Jessica accepted them absently, still transfixed by the scene outdoors. “A white Christmas in London!” she said. “It’s a miracle!”
“It’s a bloody miracle, all right,” George groused, helping himself to the current jam.
Jessica looked at him keenly. “You don’t sound at all happy about it,” she observed.
“Only because it buggers up our plans to go to Tessa’s later today for Christmas dinner.”
Jessica looked out the window again - in her estimation there was no more than two or three inches of snow on the ground, the equivalent of what in Maine would be considered a mere ‘dusting.’ “Why?” she asked. “It doesn’t look that bad.”
George laughed. “It may not look like much to someone from New England,” he told her, “but this is London, and I assure you that for Londoners, this is a blizzard of the first order. The city will be shut down for days.”
“So ... no Tessa’s for dinner, then.”
“And no theater in the West End tomorrow.”
“Well, then,” she said, “we’ll just have to have our own Christmas here.”
After breakfast George found a BBC radio station that was playing classical Christmas music and headed to the kitchen to refresh his cup of coffee.
“More tea, Jess?”
“Please.” As soon as his back was turned Jessica stooped and quickly slid a present under the tree.
“So,” he said when he came back into the living room carrying his coffee and a fresh cup of tea for her, “what shall we do with today?”
“We should start with opening presents,” Jessica said promptly.
“Good idea,” George said with a roguish grin. “How about I go first?” And he reached for the top button of Jessica’s blouse.
Jessica swatted his hand away. “Naughty,” she scolded him with a smile. “You’re fortunate you didn’t get a lump of coal in your stocking. However ...” She sat up and looked pointedly at the Christmas tree. “I think I do see one for you right over there.”
“Really?” George set down his coffee and retrieved the gift, bringing it back over to the sofa with him. Jessica scooted a bit closer to him and watched expectantly as he removed the wrapping paper, revealing an advanced copy of her latest book.
“Oh, Jessie!” he exclaimed. “Thank you! I was hoping for this but wasn’t sure when it was going to be released.” He opened the front cover, and smiled at the inscription Jessica had written on the end leaf to him, and flipped through the pages. As he did, a separate piece of loose paper fluttered out.

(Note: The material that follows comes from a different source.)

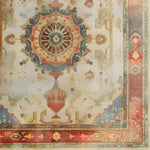 A beautifully detailed hand-knotted area rug featuring an intricate central medallion with vibrant colors and floral patterns. The ornate border adds a touch of elegance, making it a perfect centerpiece for any room.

“What’s this?” he asked as he picked it up.
“Oh,” said Jessica, averting her eyes and shifting self-consciously. “It’s just a little something extra I wrote for you. For Christmas.”
“Poetry?” he asked in surprised. “I never knew you were a poet.”
“I’m not!” she said emphatically. “This is ... well, it’s more of an homage. I think you’ll understand when you read it.”
“All right, then,” George said. He retrieved his glasses and began to read.
‘Twas the night before Christmas and all through the Yard ...
George paused and looked up at Jessica. “I think I see where this is going already,” he said.
... Only one man was stirring, still working quite hard.
His paperwork had to be finished with care
And tonight was the only free time he could spare.
At last he had it completed just right
And could think about heading home for the night.
He rose from his desk with warm thoughts of his flat,
Shrugged on his coat and reached for his hat,
When out in the hallway there arose a disturbance;
He flung open his office door with annoyance,
And said to the crowd that was gathered without,
“What the bloody hell is this racket about?”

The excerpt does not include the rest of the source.